I too hate 'soft' controls - at least for anything that's likely to be used while driving.
However, I do understand why manufacturers like them.
Buttons, dials, knobs, sliders, switches spread around the cockpit (door handle, stalks, steering wheel, left and right sides of the wheel, center console (high, middle, low), etc.), in addition to the switches themselves, requires cutouts (more complex design and/or labour), running wiring to those controls (much labour, look at the frequent troubles both Boeing and Airbus have had with wiring runs on aircraft - a different scale I know, but it shows wiring runs can be difficult), wiring looms (both price of the part and labour to wire up, and common points for QC issues), and so on.
There can literally be a thousand dollar difference in manufacturing using a simple (but terribly bad UI design) setup like a Tesla vs having a lot of hard controls.

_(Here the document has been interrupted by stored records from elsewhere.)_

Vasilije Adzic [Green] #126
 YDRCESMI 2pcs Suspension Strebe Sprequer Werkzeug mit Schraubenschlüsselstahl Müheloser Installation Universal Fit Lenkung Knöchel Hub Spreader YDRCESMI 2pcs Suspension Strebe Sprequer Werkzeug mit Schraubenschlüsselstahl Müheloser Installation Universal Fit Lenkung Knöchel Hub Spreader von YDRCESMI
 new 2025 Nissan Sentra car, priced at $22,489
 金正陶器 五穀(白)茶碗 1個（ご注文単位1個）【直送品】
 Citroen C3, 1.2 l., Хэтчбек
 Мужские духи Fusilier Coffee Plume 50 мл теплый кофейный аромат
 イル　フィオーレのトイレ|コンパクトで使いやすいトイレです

And that doesn't count maintenance/warranty issues of failed switches and the costs in fixing them - as 20 moving parts will have a higher failure rate than a screen with touch controls. A central control system like a Tesla's is much easier to repair - just pull the entire thing out and put in a new (refurbed) one, and take the faulty one to an electronics repair shop and refurb to use as repair replacements or toss out (well, hopefully recyle).
It is literally a cost vs good human interface design equation.